Thanks . I will try both of those options.


----------



## MAC101

In WinXP, right click on the desktop or inside a folder and click "New", then click "Compressed (zipped) Folder". Once it is created open it, click "File", click "Add Password...", and you should be good to go.


----------



## spazz31585

MAC101 said:
			
		

> In WinXP, right click on the desktop or inside a folder and click "New", then click "Compressed (zipped) Folder". Once it is created open it, click "File", click "Add Password...", and you should be good to go.

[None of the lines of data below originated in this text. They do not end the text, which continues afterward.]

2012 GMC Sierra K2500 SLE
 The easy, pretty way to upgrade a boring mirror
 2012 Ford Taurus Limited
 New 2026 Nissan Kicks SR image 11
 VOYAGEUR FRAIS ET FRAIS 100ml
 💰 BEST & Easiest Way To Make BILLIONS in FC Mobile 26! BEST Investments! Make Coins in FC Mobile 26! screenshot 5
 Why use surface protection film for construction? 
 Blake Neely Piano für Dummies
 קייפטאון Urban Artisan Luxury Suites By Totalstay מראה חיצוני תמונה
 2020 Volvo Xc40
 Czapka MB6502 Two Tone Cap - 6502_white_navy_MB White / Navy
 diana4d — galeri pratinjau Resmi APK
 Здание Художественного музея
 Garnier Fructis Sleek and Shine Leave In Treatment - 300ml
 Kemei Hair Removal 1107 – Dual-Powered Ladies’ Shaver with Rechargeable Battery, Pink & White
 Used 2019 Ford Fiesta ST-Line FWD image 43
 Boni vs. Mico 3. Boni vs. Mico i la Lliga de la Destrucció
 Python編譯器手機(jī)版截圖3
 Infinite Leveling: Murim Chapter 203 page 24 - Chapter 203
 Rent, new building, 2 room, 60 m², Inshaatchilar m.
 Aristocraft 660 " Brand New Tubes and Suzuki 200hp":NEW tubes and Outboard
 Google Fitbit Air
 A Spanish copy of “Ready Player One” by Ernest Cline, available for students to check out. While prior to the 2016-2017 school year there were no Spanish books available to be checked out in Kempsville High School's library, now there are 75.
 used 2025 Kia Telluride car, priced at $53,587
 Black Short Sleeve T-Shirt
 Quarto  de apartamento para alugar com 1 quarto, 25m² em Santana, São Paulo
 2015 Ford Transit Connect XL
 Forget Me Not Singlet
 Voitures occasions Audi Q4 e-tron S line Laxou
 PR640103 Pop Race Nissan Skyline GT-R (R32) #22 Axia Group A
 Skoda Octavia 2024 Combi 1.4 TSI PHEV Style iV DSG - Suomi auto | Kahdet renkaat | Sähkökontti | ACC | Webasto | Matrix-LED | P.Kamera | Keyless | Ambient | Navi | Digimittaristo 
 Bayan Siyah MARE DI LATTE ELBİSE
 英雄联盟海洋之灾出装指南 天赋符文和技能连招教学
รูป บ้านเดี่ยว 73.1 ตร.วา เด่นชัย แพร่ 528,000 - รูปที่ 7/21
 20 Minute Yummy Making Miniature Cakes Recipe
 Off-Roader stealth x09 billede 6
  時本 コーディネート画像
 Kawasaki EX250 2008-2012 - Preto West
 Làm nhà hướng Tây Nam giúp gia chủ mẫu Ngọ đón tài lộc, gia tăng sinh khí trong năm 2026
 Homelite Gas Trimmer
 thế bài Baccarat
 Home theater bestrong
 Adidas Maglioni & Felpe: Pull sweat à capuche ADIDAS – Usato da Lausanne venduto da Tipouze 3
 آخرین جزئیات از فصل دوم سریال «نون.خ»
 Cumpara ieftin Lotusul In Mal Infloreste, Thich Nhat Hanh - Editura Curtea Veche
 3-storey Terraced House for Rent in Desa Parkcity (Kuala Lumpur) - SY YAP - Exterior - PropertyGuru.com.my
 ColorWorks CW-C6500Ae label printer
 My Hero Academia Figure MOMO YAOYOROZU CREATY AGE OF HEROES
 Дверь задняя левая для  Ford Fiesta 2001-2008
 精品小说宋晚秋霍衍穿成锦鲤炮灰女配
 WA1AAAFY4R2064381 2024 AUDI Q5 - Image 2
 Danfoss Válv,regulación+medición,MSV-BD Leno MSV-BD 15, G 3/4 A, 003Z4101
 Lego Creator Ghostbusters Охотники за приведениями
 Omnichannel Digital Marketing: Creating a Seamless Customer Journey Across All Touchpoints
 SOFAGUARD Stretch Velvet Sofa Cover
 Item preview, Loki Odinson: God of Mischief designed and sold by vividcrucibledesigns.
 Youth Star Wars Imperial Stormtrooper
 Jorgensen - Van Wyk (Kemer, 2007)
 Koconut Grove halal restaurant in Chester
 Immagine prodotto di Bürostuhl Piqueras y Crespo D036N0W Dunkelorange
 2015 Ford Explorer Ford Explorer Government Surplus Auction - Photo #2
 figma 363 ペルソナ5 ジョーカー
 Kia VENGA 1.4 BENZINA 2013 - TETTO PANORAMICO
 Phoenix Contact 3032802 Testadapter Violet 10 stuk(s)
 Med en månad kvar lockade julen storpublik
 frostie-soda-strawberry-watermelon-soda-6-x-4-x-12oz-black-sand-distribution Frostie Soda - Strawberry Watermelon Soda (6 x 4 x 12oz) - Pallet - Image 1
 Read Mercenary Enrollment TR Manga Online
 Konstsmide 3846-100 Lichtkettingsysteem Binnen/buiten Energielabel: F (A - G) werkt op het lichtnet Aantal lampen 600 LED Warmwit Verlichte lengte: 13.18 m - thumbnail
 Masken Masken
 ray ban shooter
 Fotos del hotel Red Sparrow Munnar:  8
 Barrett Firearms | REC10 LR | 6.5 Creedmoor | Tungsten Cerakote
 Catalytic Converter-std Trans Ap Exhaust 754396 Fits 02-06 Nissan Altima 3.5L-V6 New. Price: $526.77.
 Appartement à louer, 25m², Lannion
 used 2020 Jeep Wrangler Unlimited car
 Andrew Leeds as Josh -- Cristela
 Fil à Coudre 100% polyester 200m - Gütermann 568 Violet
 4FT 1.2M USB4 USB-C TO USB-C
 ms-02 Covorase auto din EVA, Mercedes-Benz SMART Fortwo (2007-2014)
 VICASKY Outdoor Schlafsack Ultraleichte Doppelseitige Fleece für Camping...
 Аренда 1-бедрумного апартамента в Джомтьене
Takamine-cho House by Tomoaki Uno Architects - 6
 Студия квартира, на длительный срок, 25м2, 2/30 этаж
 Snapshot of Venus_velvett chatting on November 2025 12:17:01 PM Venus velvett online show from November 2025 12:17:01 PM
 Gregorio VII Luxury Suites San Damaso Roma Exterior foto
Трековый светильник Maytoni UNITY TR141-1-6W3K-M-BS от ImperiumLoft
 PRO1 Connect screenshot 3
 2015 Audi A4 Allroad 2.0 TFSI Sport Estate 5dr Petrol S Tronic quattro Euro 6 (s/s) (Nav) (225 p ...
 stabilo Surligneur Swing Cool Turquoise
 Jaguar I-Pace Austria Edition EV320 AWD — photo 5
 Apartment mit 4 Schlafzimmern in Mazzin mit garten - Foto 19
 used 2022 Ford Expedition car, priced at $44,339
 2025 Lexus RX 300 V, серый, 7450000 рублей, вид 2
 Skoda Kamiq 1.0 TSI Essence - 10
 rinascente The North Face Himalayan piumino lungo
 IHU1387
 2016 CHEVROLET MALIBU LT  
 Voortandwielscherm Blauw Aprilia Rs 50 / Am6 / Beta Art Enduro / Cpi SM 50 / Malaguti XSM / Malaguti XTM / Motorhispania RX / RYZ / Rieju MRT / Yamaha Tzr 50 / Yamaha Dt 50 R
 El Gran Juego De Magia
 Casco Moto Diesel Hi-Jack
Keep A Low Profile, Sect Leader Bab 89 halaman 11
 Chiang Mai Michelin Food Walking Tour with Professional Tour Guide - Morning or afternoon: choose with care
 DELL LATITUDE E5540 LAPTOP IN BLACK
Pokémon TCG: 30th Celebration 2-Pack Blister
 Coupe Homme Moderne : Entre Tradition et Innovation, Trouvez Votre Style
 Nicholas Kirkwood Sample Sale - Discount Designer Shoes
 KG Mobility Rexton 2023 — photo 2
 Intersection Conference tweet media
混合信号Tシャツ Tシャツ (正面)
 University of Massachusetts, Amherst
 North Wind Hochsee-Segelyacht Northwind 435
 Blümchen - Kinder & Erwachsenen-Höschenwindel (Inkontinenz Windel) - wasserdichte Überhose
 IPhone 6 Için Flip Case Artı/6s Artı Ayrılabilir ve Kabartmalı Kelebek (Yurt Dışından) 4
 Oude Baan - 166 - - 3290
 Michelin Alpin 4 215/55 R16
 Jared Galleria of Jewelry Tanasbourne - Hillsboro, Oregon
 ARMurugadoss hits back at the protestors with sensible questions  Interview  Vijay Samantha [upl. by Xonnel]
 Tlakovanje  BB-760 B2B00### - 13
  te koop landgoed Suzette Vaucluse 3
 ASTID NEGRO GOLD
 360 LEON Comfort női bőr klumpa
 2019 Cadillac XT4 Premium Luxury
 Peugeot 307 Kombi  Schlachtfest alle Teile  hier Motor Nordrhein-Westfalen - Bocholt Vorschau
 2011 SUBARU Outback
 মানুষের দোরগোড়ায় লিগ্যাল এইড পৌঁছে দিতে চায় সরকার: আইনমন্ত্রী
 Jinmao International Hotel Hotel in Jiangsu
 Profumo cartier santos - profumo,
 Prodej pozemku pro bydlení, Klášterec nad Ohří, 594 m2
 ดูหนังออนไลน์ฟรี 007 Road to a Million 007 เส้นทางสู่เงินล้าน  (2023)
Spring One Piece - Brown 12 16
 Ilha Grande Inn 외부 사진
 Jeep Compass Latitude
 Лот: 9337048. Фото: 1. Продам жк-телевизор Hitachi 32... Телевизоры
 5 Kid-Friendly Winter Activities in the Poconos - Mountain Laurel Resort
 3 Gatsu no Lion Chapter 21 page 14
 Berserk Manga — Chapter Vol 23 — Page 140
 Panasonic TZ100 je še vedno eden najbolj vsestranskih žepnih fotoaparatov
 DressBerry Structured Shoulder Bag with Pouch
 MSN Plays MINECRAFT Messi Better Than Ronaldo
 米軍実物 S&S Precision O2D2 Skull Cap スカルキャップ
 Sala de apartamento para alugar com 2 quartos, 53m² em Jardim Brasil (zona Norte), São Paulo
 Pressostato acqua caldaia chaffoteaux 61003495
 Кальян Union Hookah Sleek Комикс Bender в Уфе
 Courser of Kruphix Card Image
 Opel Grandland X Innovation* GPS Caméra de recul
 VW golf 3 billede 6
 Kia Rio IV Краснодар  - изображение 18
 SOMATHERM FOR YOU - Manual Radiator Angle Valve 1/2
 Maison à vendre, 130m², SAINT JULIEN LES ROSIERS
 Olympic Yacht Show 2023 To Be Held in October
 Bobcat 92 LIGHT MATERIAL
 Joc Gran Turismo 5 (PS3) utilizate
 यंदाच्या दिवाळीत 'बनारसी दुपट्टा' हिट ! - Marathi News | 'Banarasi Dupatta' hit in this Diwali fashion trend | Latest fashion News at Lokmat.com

wouldn't that only work if he was to put all the files into the zip file though?
also, when files are in a zip folder, (at least with the version of winzip i used to use a long time ago) i was able to see what files were there without actually having the password


----------



## MAC101

Yeah, he would have to put all the files in the zip folder and yes you can see the files inside, which sucks, but nobody can mess with them unless they have the password.


----------



## SFR

MAC101 said:
			
		

> Yeah, he would have to put all the files in the zip folder and yes you can see the files inside, which sucks, but nobody can mess with them unless they have the password.


 
Solution:  Name the files File01, File02, File03 ....


----------



## spazz31585

SFR said:
			
		

> Solution:  Name the files File01, File02, File03 ....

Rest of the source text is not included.